- [WHAT THE TASK REQUIRES]:
Write the records out again, precisely as they stand.

[Data records]
▼
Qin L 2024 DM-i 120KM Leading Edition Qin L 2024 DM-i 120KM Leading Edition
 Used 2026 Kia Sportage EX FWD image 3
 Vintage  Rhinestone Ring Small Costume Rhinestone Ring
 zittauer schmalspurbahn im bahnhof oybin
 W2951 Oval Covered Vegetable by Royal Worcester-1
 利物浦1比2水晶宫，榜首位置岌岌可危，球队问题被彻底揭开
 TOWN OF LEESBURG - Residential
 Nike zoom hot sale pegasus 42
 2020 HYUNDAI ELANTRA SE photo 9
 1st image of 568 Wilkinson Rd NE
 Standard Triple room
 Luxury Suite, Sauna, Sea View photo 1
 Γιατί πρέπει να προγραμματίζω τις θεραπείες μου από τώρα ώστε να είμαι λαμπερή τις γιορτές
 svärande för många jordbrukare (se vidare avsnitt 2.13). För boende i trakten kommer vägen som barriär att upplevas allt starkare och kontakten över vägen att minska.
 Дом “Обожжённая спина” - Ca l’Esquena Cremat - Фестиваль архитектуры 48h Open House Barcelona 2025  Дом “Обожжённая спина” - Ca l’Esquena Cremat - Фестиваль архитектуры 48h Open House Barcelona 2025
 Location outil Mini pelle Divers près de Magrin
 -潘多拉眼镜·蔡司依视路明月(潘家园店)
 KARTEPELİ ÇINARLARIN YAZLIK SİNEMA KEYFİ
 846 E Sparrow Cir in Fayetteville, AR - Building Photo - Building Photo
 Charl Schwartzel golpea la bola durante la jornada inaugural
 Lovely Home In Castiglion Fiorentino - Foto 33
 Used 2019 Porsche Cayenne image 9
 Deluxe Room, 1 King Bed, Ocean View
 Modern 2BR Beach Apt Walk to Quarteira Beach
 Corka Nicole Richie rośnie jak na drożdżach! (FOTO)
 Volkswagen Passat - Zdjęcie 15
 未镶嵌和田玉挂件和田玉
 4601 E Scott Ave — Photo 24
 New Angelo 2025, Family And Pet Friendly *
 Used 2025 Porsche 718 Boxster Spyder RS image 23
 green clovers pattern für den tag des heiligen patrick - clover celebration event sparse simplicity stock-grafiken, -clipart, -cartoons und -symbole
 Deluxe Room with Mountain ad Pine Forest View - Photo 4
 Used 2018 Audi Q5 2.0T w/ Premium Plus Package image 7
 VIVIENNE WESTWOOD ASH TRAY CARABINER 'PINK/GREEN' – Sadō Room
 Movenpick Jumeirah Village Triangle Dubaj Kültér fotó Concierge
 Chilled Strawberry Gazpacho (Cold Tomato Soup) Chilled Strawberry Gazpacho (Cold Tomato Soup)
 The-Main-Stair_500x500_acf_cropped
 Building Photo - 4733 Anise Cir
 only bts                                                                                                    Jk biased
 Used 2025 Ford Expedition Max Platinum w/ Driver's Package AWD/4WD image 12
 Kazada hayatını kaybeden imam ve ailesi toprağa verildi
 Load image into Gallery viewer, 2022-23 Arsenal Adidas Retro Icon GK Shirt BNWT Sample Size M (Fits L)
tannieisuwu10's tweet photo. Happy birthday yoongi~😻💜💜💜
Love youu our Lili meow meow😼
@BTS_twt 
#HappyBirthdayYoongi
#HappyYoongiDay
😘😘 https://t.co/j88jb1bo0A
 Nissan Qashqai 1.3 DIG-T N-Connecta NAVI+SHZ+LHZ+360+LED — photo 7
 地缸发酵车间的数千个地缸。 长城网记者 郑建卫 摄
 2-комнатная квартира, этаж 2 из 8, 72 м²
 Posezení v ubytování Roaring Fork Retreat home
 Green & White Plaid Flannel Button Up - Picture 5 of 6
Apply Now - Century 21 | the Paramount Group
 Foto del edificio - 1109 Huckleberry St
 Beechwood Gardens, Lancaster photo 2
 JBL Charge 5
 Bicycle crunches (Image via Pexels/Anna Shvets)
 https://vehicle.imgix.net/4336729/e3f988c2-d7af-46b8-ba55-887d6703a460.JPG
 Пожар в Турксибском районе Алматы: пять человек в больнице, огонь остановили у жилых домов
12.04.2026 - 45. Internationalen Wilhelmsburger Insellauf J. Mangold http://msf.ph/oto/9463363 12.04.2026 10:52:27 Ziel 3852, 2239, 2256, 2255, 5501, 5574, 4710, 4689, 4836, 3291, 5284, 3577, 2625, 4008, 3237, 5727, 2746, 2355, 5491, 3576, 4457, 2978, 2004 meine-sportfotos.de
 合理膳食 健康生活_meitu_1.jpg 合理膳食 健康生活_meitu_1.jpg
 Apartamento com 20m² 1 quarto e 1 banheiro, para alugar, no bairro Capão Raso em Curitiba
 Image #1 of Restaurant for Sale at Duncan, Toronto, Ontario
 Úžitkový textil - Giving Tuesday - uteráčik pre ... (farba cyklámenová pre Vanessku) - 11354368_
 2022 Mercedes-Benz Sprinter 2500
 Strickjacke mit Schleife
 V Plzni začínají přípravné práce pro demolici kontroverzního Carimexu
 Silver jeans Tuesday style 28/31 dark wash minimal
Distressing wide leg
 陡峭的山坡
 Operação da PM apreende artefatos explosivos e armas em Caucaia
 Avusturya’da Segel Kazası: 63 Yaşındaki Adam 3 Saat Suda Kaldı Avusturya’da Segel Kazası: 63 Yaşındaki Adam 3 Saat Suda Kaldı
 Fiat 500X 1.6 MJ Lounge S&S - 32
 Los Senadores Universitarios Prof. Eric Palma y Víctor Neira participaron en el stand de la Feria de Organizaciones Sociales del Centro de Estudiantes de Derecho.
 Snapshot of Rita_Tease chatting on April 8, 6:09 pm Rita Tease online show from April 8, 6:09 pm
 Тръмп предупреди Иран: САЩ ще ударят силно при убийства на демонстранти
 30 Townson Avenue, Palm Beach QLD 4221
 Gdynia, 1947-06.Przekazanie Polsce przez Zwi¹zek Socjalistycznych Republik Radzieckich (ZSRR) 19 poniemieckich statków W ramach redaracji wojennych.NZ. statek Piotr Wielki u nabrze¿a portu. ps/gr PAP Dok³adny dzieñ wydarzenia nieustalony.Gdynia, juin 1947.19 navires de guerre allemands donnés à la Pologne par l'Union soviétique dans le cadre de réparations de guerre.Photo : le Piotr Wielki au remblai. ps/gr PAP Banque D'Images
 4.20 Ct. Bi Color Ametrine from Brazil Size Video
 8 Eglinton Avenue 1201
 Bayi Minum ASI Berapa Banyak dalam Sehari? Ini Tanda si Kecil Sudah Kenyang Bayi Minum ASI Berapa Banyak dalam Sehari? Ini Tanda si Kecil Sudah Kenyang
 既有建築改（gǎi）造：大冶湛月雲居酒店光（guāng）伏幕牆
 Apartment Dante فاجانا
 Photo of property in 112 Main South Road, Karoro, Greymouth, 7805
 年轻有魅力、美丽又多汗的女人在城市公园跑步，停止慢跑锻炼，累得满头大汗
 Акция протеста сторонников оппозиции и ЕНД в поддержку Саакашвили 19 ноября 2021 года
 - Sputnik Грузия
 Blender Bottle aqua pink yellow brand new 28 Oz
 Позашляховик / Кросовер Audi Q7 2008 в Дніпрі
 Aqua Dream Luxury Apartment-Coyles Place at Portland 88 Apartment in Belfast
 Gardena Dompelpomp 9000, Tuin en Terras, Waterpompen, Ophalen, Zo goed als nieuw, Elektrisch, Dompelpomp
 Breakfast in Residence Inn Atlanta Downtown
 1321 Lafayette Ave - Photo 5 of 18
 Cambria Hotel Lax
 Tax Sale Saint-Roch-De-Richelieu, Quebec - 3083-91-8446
▲
- [ANSWER TO THIS EXERCISE]:
Qin L 2024 DM-i 120KM Leading Edition Qin L 2024 DM-i 120KM Leading Edition
 Used 2026 Kia Sportage EX FWD image 3
 Vintage  Rhinestone Ring Small Costume Rhinestone Ring
 zittauer schmalspurbahn im bahnhof oybin
 W2951 Oval Covered Vegetable by Royal Worcester-1
 利物浦1比2水晶宫，榜首位置岌岌可危，球队问题被彻底揭开
 TOWN OF LEESBURG - Residential
 Nike zoom hot sale pegasus 42
 2020 HYUNDAI ELANTRA SE photo 9
 1st image of 568 Wilkinson Rd NE
 Standard Triple room
 Luxury Suite, Sauna, Sea View photo 1
 Γιατί πρέπει να προγραμματίζω τις θεραπείες μου από τώρα ώστε να είμαι λαμπερή τις γιορτές
 svärande för många jordbrukare (se vidare avsnitt 2.13). För boende i trakten kommer vägen som barriär att upplevas allt starkare och kontakten över vägen att minska.
 Дом “Обожжённая спина” - Ca l’Esquena Cremat - Фестиваль архитектуры 48h Open House Barcelona 2025  Дом “Обожжённая спина” - Ca l’Esquena Cremat - Фестиваль архитектуры 48h Open House Barcelona 2025
 Location outil Mini pelle Divers près de Magrin
 -潘多拉眼镜·蔡司依视路明月(潘家园店)
 KARTEPELİ ÇINARLARIN YAZLIK SİNEMA KEYFİ
 846 E Sparrow Cir in Fayetteville, AR - Building Photo - Building Photo
 Charl Schwartzel golpea la bola durante la jornada inaugural
 Lovely Home In Castiglion Fiorentino - Foto 33
 Used 2019 Porsche Cayenne image 9
 Deluxe Room, 1 King Bed, Ocean View
 Modern 2BR Beach Apt Walk to Quarteira Beach
 Corka Nicole Richie rośnie jak na drożdżach! (FOTO)
 Volkswagen Passat - Zdjęcie 15
 未镶嵌和田玉挂件和田玉
 4601 E Scott Ave — Photo 24
 New Angelo 2025, Family And Pet Friendly *
 Used 2025 Porsche 718 Boxster Spyder RS image 23
 green clovers pattern für den tag des heiligen patrick - clover celebration event sparse simplicity stock-grafiken, -clipart, -cartoons und -symbole
 Deluxe Room with Mountain ad Pine Forest View - Photo 4
 Used 2018 Audi Q5 2.0T w/ Premium Plus Package image 7
 VIVIENNE WESTWOOD ASH TRAY CARABINER 'PINK/GREEN' – Sadō Room
 Movenpick Jumeirah Village Triangle Dubaj Kültér fotó Concierge
 Chilled Strawberry Gazpacho (Cold Tomato Soup) Chilled Strawberry Gazpacho (Cold Tomato Soup)
 The-Main-Stair_500x500_acf_cropped
 Building Photo - 4733 Anise Cir
 only bts                                                                                                    Jk biased
 Used 2025 Ford Expedition Max Platinum w/ Driver's Package AWD/4WD image 12
 Kazada hayatını kaybeden imam ve ailesi toprağa verildi
 Load image into Gallery viewer, 2022-23 Arsenal Adidas Retro Icon GK Shirt BNWT Sample Size M (Fits L)
tannieisuwu10's tweet photo. Happy birthday yoongi~😻💜💜💜
Love youu our Lili meow meow😼
@BTS_twt 
#HappyBirthdayYoongi
#HappyYoongiDay
😘😘 https://t.co/j88jb1bo0A
 Nissan Qashqai 1.3 DIG-T N-Connecta NAVI+SHZ+LHZ+360+LED — photo 7
 地缸发酵车间的数千个地缸。 长城网记者 郑建卫 摄
 2-комнатная квартира, этаж 2 из 8, 72 м²
 Posezení v ubytování Roaring Fork Retreat home
 Green & White Plaid Flannel Button Up - Picture 5 of 6
Apply Now - Century 21 | the Paramount Group
 Foto del edificio - 1109 Huckleberry St
 Beechwood Gardens, Lancaster photo 2
 JBL Charge 5
 Bicycle crunches (Image via Pexels/Anna Shvets)
 https://vehicle.imgix.net/4336729/e3f988c2-d7af-46b8-ba55-887d6703a460.JPG
 Пожар в Турксибском районе Алматы: пять человек в больнице, огонь остановили у жилых домов
12.04.2026 - 45. Internationalen Wilhelmsburger Insellauf J. Mangold http://msf.ph/oto/9463363 12.04.2026 10:52:27 Ziel 3852, 2239, 2256, 2255, 5501, 5574, 4710, 4689, 4836, 3291, 5284, 3577, 2625, 4008, 3237, 5727, 2746, 2355, 5491, 3576, 4457, 2978, 2004 meine-sportfotos.de
 合理膳食 健康生活_meitu_1.jpg 合理膳食 健康生活_meitu_1.jpg
 Apartamento com 20m² 1 quarto e 1 banheiro, para alugar, no bairro Capão Raso em Curitiba
 Image #1 of Restaurant for Sale at Duncan, Toronto, Ontario
 Úžitkový textil - Giving Tuesday - uteráčik pre ... (farba cyklámenová pre Vanessku) - 11354368_
 2022 Mercedes-Benz Sprinter 2500
 Strickjacke mit Schleife
 V Plzni začínají přípravné práce pro demolici kontroverzního Carimexu
 Silver jeans Tuesday style 28/31 dark wash minimal
Distressing wide leg
 陡峭的山坡
 Operação da PM apreende artefatos explosivos e armas em Caucaia
 Avusturya’da Segel Kazası: 63 Yaşındaki Adam 3 Saat Suda Kaldı Avusturya’da Segel Kazası: 63 Yaşındaki Adam 3 Saat Suda Kaldı
 Fiat 500X 1.6 MJ Lounge S&S - 32
 Los Senadores Universitarios Prof. Eric Palma y Víctor Neira participaron en el stand de la Feria de Organizaciones Sociales del Centro de Estudiantes de Derecho.
 Snapshot of Rita_Tease chatting on April 8, 6:09 pm Rita Tease online show from April 8, 6:09 pm
 Тръмп предупреди Иран: САЩ ще ударят силно при убийства на демонстранти
 30 Townson Avenue, Palm Beach QLD 4221
 Gdynia, 1947-06.Przekazanie Polsce przez Zwi¹zek Socjalistycznych Republik Radzieckich (ZSRR) 19 poniemieckich statków W ramach redaracji wojennych.NZ. statek Piotr Wielki u nabrze¿a portu. ps/gr PAP Dok³adny dzieñ wydarzenia nieustalony.Gdynia, juin 1947.19 navires de guerre allemands donnés à la Pologne par l'Union soviétique dans le cadre de réparations de guerre.Photo : le Piotr Wielki au remblai. ps/gr PAP Banque D'Images
 4.20 Ct. Bi Color Ametrine from Brazil Size Video
 8 Eglinton Avenue 1201
 Bayi Minum ASI Berapa Banyak dalam Sehari? Ini Tanda si Kecil Sudah Kenyang Bayi Minum ASI Berapa Banyak dalam Sehari? Ini Tanda si Kecil Sudah Kenyang
 既有建築改（gǎi）造：大冶湛月雲居酒店光（guāng）伏幕牆
 Apartment Dante فاجانا
 Photo of property in 112 Main South Road, Karoro, Greymouth, 7805
 年轻有魅力、美丽又多汗的女人在城市公园跑步，停止慢跑锻炼，累得满头大汗
 Акция протеста сторонников оппозиции и ЕНД в поддержку Саакашвили 19 ноября 2021 года
 - Sputnik Грузия
 Blender Bottle aqua pink yellow brand new 28 Oz
 Позашляховик / Кросовер Audi Q7 2008 в Дніпрі
 Aqua Dream Luxury Apartment-Coyles Place at Portland 88 Apartment in Belfast
 Gardena Dompelpomp 9000, Tuin en Terras, Waterpompen, Ophalen, Zo goed als nieuw, Elektrisch, Dompelpomp
 Breakfast in Residence Inn Atlanta Downtown
 1321 Lafayette Ave - Photo 5 of 18
 Cambria Hotel Lax
 Tax Sale Saint-Roch-De-Richelieu, Quebec - 3083-91-8446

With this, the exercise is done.